AQE Query Plan Analysis #
When AQE is enabled, you can inspect the execution plan to see how it optimizes the query. For example:
- DynamicPartitionCoalescing: Coalesces shuffle partitions based on data size.
- BroadcastHashJoin: Switches to a broadcast join if a table is small enough.
- AdaptiveSparkPlan: Represents the entire query plan, with optimizations applied dynamically.
joined_df.explain(True)
Tuning AQE for Performance #
- Enable AQE: Ensure AQE is enabled in your Spark session.
spark.conf.set("spark.sql.adaptive.enabled", "true")
- Tune Partition Coalescing: Adjust the minimum number of shuffle partitions after coalescing.
spark.conf.set("spark.sql.adaptive.coalescePartitions.minPartitionNum", "2")
- Tune Join Strategy: Set a threshold for switching to broadcast joins.
spark.conf.set("spark.sql.autoBroadcastJoinThreshold", 10 * 1024 * 1024) # 10 MB
- Enable Skew Join Handling: Split skewed partitions to prevent performance degradation.
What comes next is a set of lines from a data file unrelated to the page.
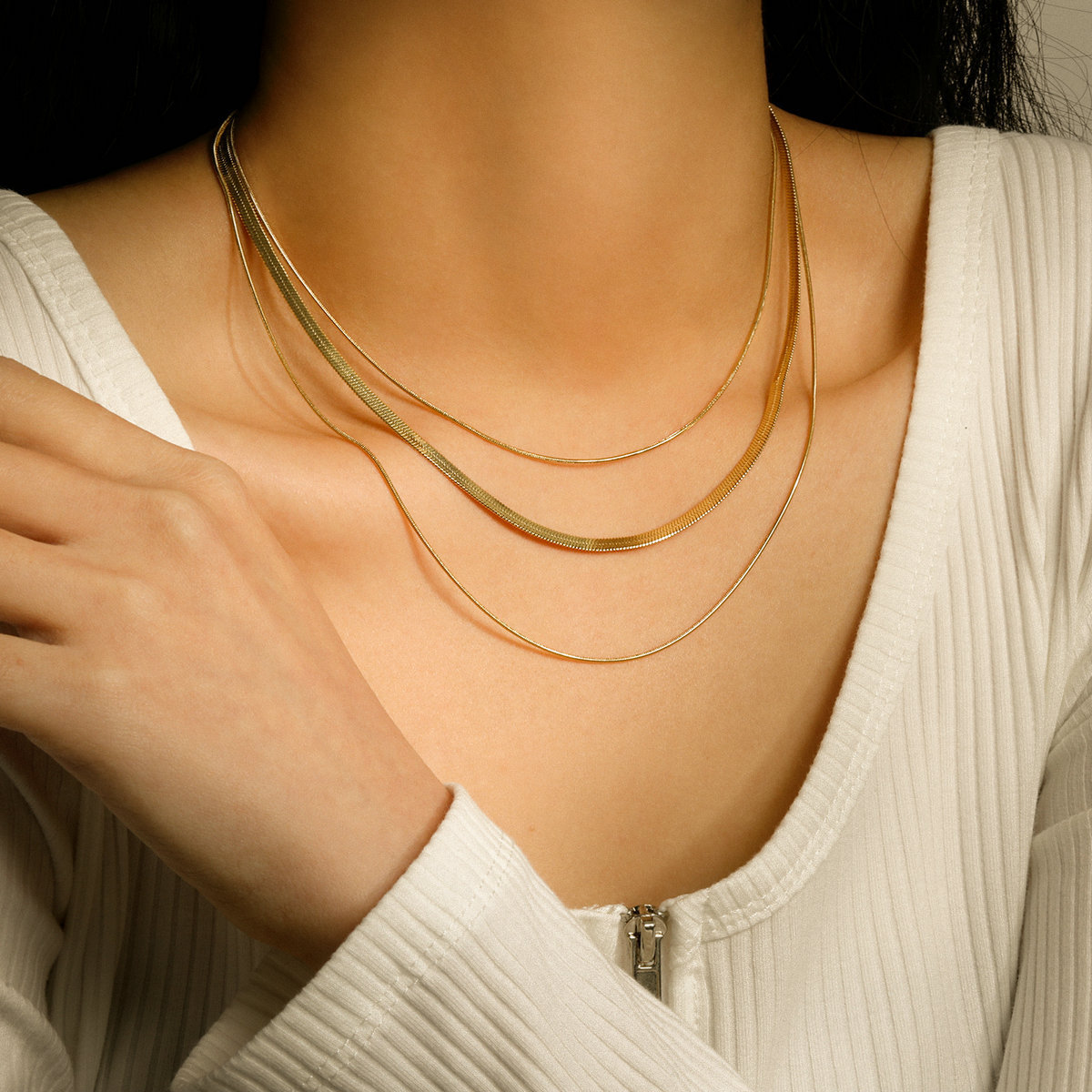 Minimalist Three-Layer Snake Bone Chain - Image 4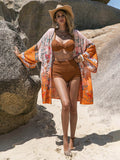 Printed Open Front Long Sleeve Cover-Up - Hovatok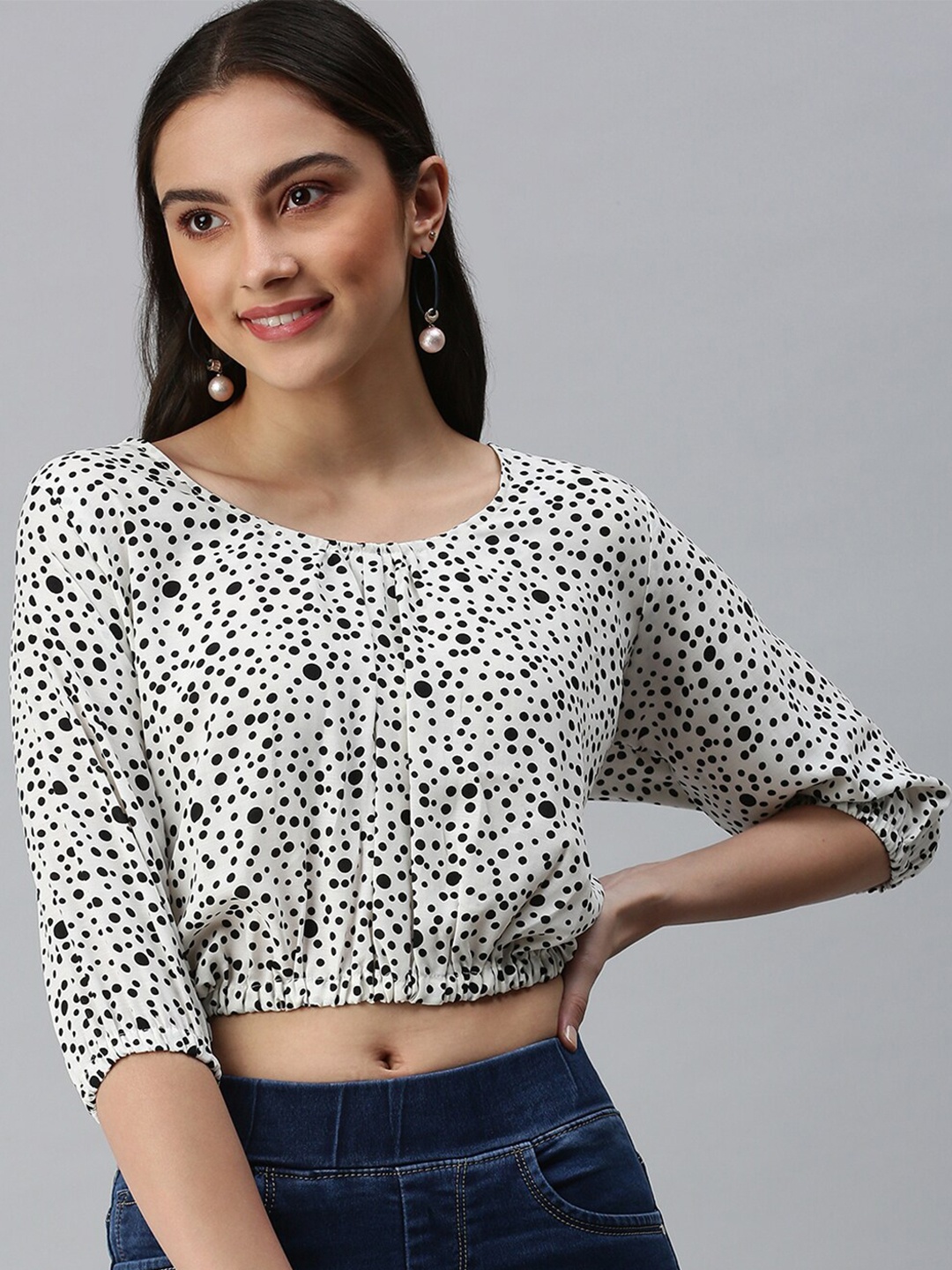 

SHOWOFF Polka Dot Printed Waist Tie-Ups Styled Back Crop Top, White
spark.conf.set("spark.sql.adaptive.skewJoin.enabled", "true")
Performance Benefits of AQE #
- Reduced Shuffling Overhead: Dynamic coalescing of shuffle partitions minimizes the overhead of small tasks.
- Optimized Join Strategies: Dynamically switching join strategies can drastically reduce query execution time, especially for joins with smaller tables.
- Handling Data Skew: AQE automatically adjusts for skewed data, balancing workloads across partitions and improving performance for skewed joins.
Conclusion #
Adaptive Query Execution is a game-changer for query optimization in PySpark. By dynamically adjusting the execution plan based on runtime statistics, AQE significantly improves performance, especially for complex queries involving joins and large shuffles.
Key Takeaways: #
- Dynamic Partition Coalescing: Adjusts the number of partitions dynamically during shuffles, reducing overhead.
- Dynamic Join Strategy: AQE switches between join strategies (e.g., sort-merge join to broadcast join) based on data size.
- Skew Join Optimization: Handles data skew by splitting skewed partitions into smaller ones.
- Configuration: AQE is highly configurable and can be tuned for specific workloads, ensuring optimal performance for your queries.